Dampak Membanjiri Terowongan Gaza dengan Air Laut, Rusak Pasokan Air hingga Pertanian
Memompa air laut ke dalam jaringan terowongan akan merusak pasokan air dan pertanian – dan dapat melanggar hukum internasional, kata para ahli.
Penulis: Tiara Shelavie
Editor: Garudea Prabawati
TRIBUNNEWS.COM - Sebelum Israel memborbardir Gaza tanpa henti sejak 7 Oktober lalu, wilayah yang terkepung itu sudah kesulitan mendapatkan air bersih.
Tetapi kini, situasi mungkin akan menjadi lebih buruk lagi.
Militer Israel mulai memompa air laut ke dalam terowongan yang diduga digunakan oleh Hamas di Gaza, menurut sebuah laporan di Wall Street Journal (WSJ) pada hari Rabu (13/12/2023).

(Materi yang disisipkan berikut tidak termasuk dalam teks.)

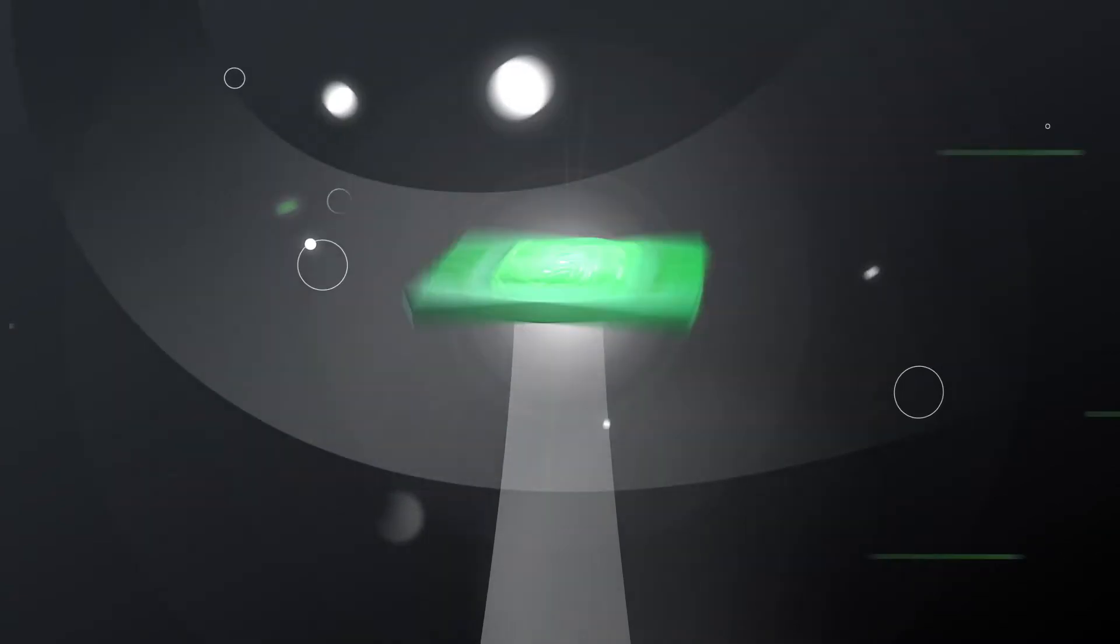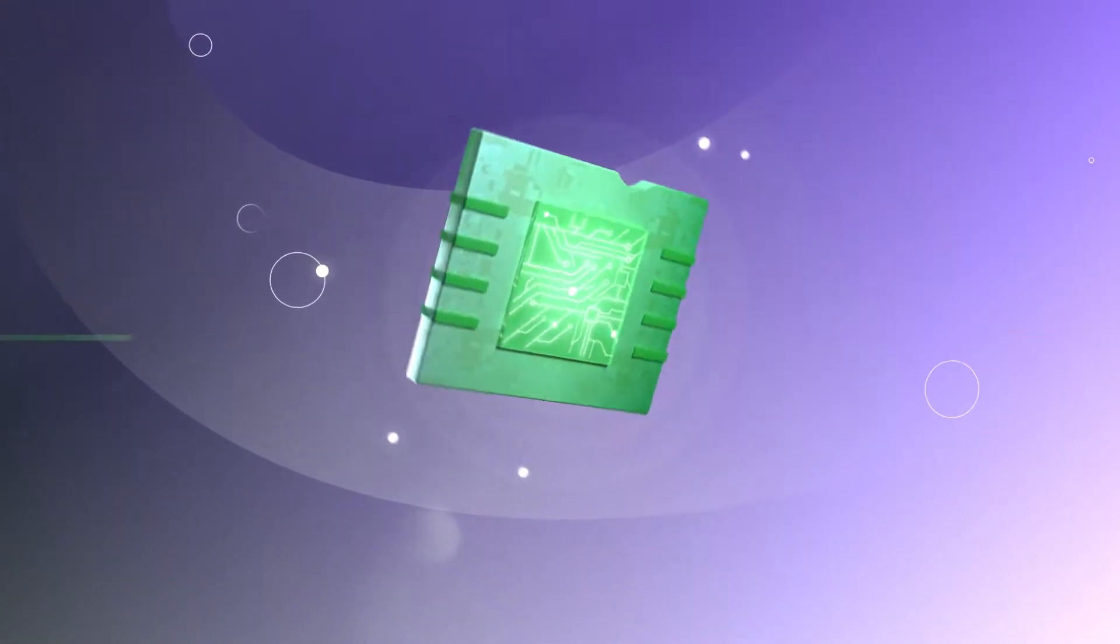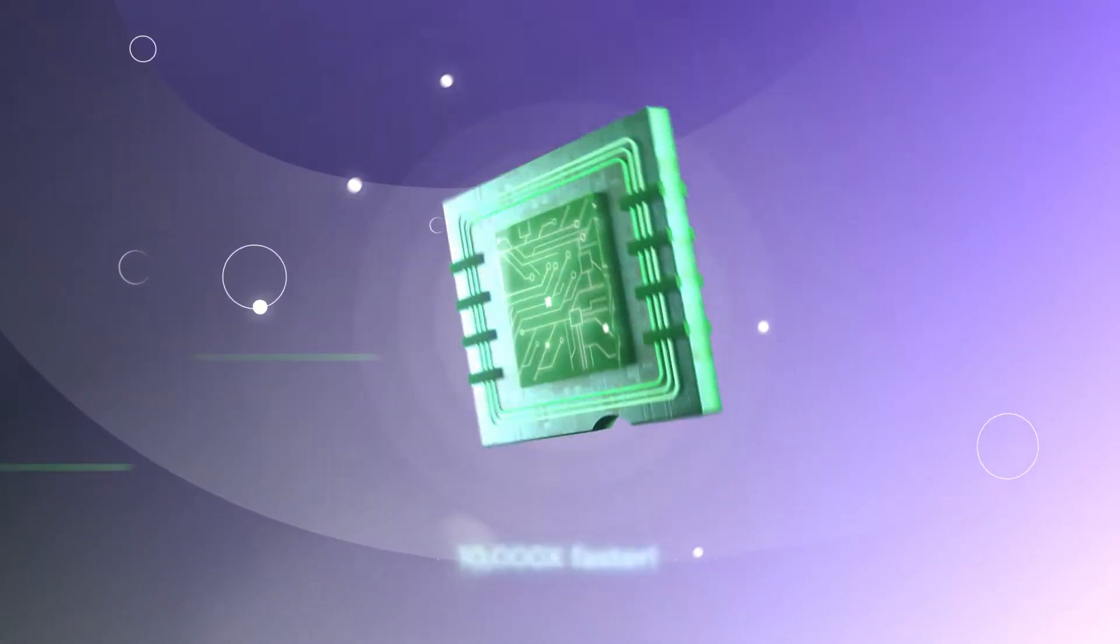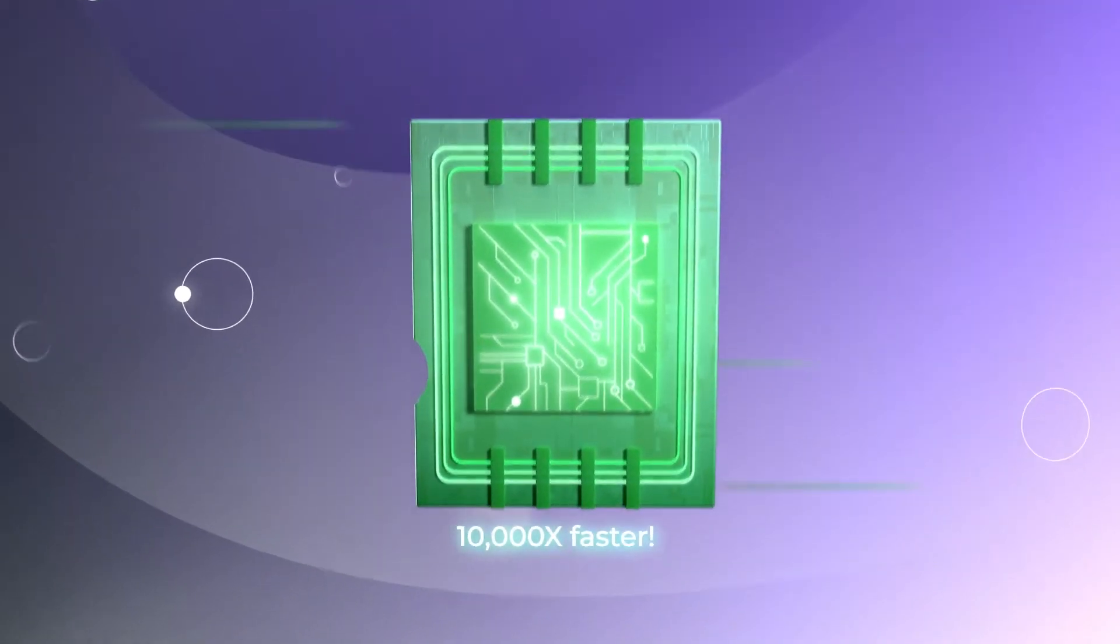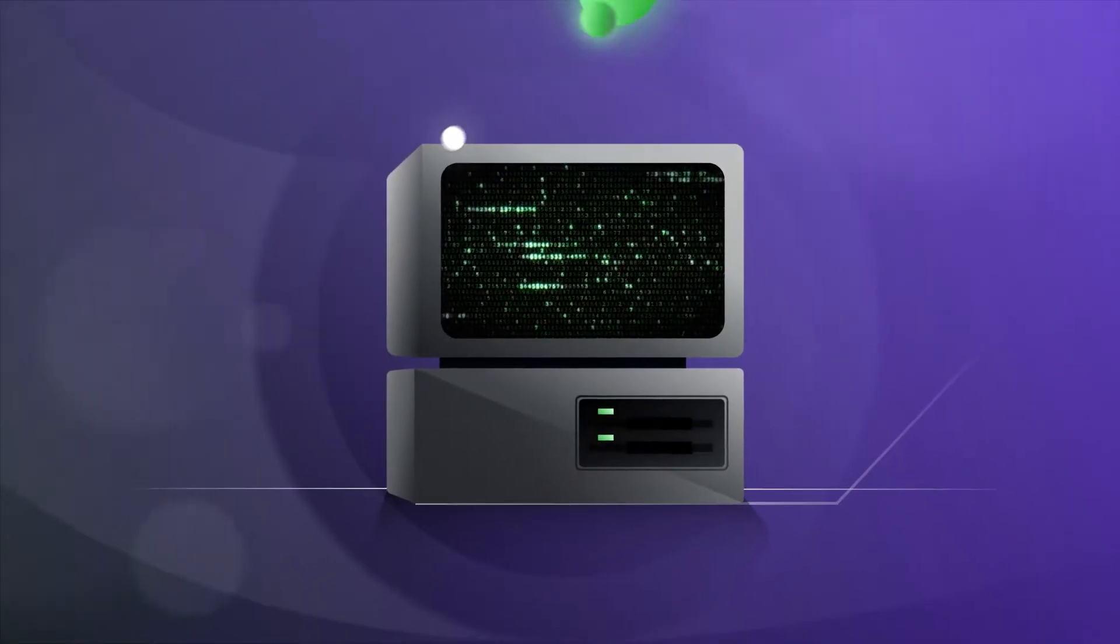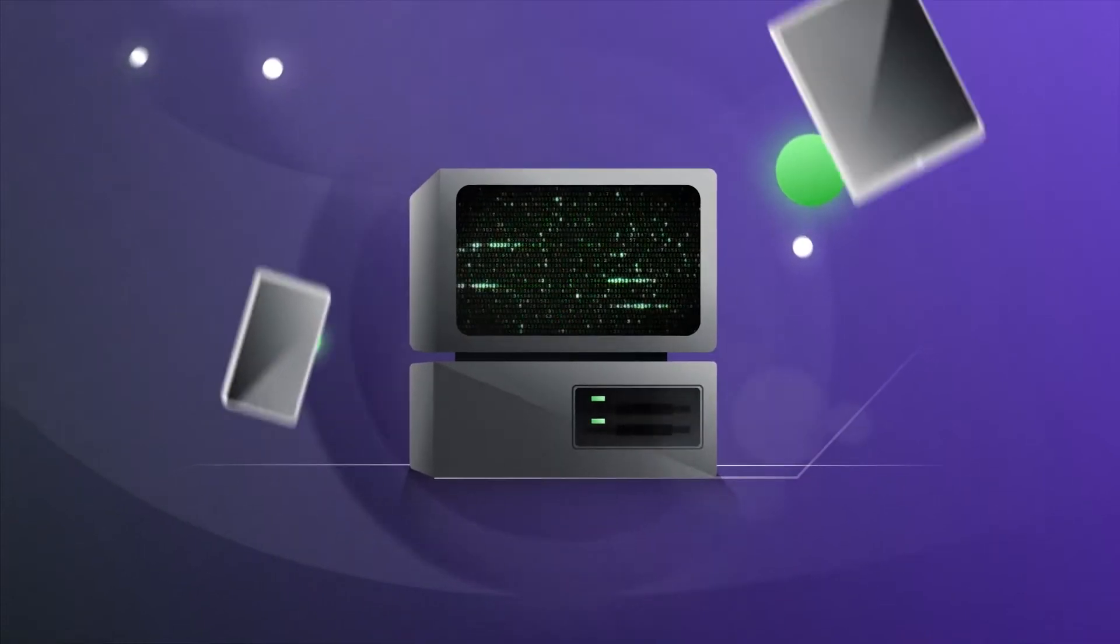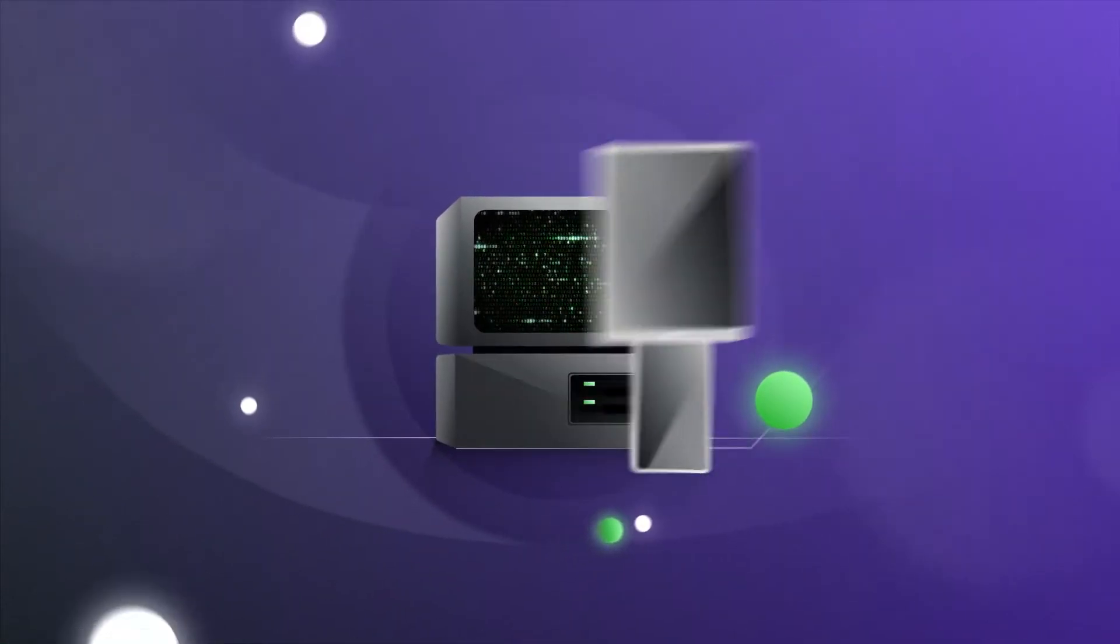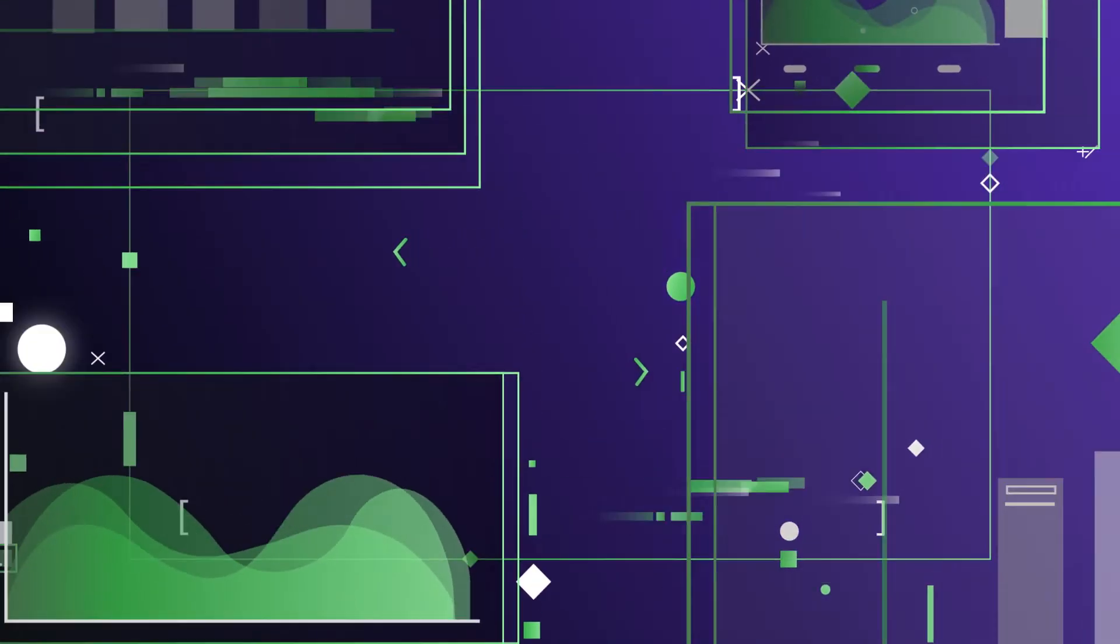Vorticity created a groundbreaking computer processor that crunches geophysics data up to 10,000 times faster. Modern computing based on the 1940s von Neumann model is fine for day-to-day needs, but not for scientific, data-heavy computing.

WSJ, mengutip para pejabat AS, melaporkan pekan lalu bahwa Israel telah selesai merakit setidaknya lima pompa air laut besar di dekat kamp pengungsi al-Shati di Gaza utara.

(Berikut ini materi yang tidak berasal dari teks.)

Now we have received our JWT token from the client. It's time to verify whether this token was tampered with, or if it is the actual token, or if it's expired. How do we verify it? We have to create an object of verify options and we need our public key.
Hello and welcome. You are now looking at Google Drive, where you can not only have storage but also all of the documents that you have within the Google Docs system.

Pompa tersebut dapat mengambil air dari Laut Mediterania dan mengalirkan ribuan meter kubik per jam.
Para pejabat Israel dilaporkan sedang mempertimbangkan rencana untuk membanjiri terowongan selama beberapa minggu.
Baca juga: Israel Banjiri Terowongan Gaza dengan Air Laut, PBB: Dampak Buruk Bisa Terjadi dalam Jangka Panjang
Aksi itu bertujuan membongkar jaringan dan melemahkan kelompok bersenjata Palestina.

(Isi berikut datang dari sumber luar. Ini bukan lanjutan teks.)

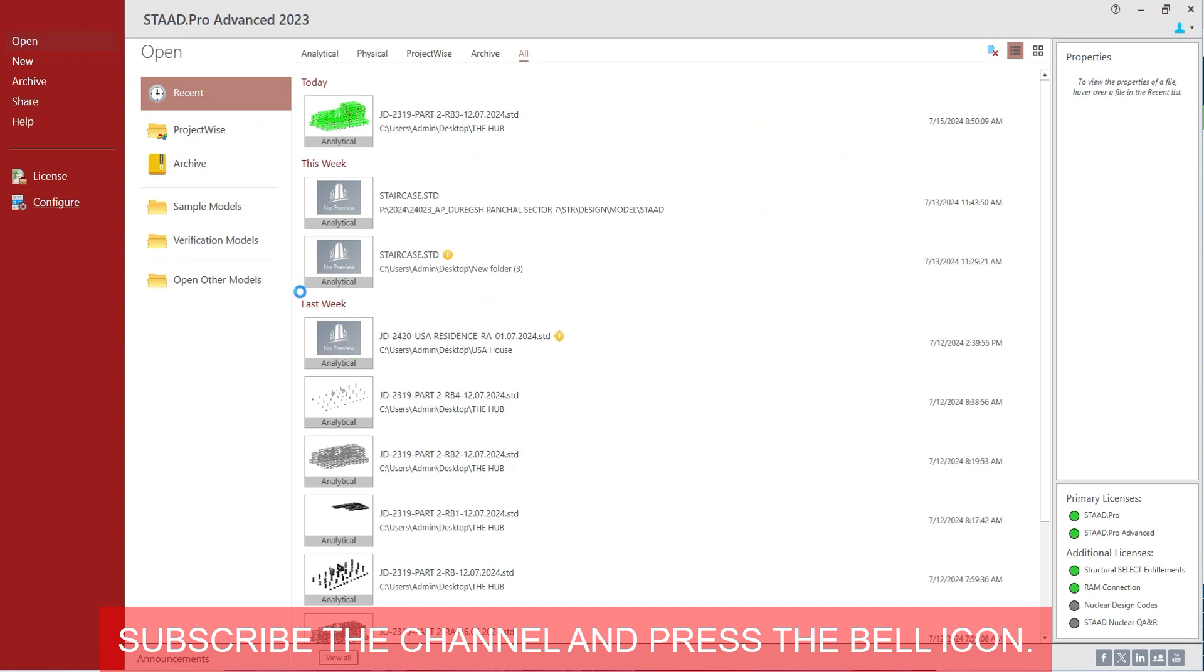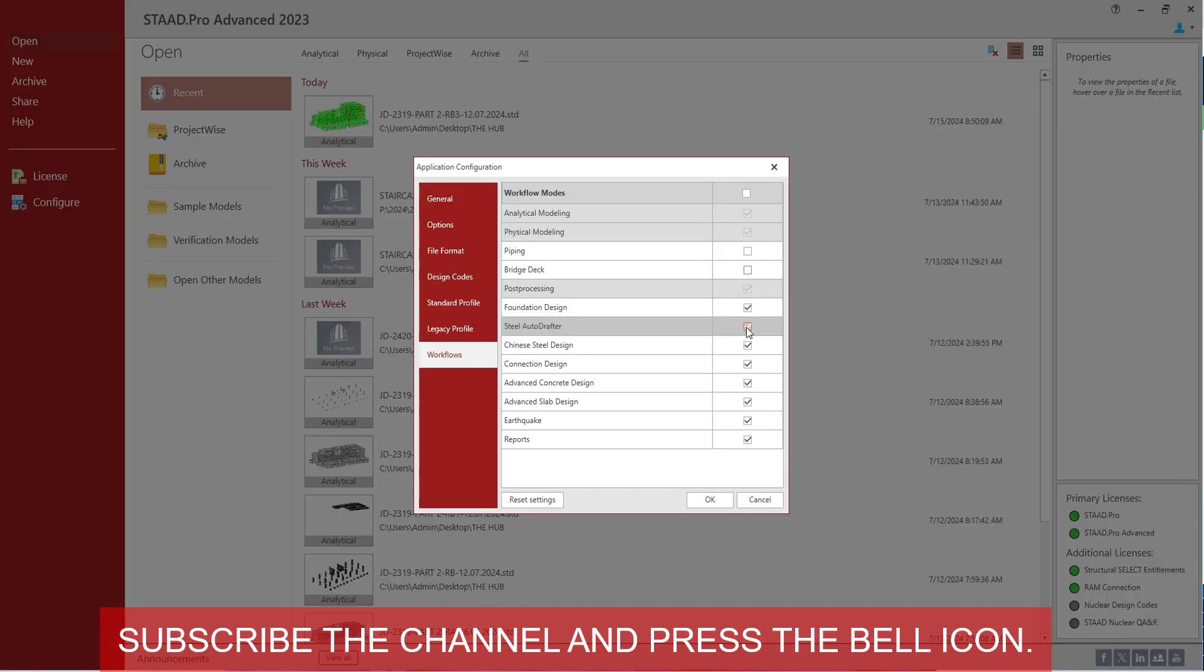The configuration opens, then go to workflows and uncheck the workflows that you don't want, like we don't want bridge deck or piping. We don't want steel autodrafter, Chinese steel design. Let us have steel autodrafter, not currently, and let us not have earthquake because we are not using EC8.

Para peneliti yang mengkhususkan diri dalam bidang air, diplomasi dan konflik, mengatakan kepada Middle East Eye bahwa banjir akan berdampak buruk terhadap ekologi, termasuk pencemaran pasokan air di Gaza dan kerusakan pada tanaman pangan.
Dampaknya juga bisa menjadi pelanggaran hukum humaniter internasional, tambah salah satu ahli.
Israel belum secara resmi memberikan rincian mengenai rencana banjir tersebut, karena menganggap informasi tersebut bersifat rahasia.
Oleh karena itu, durasi dan intensitas membanjiri terowongan, tidak diketahui.
“Meskipun cakupan dan besaran dampak secara keseluruhan masih belum jelas, kita dapat memperkirakan bahwa setidaknya sebagian air laut akan merembes ke dalam tanah dari terowongan, terutama di daerah yang sebelumnya terowongannya telah rusak,” ujar Juliane Schillinger, peneliti di University of Twente di Belanda, kepada MEE.
Schillinger, yang berspesialisasi dalam interaksi antara konflik dan pengelolaan air, mengatakan rembesan akan menyebabkan polusi pada tanah dan air tanah dengan air laut.
“Penting untuk diingat bahwa kita tidak hanya berbicara tentang air dengan kandungan garam yang tinggi di sini."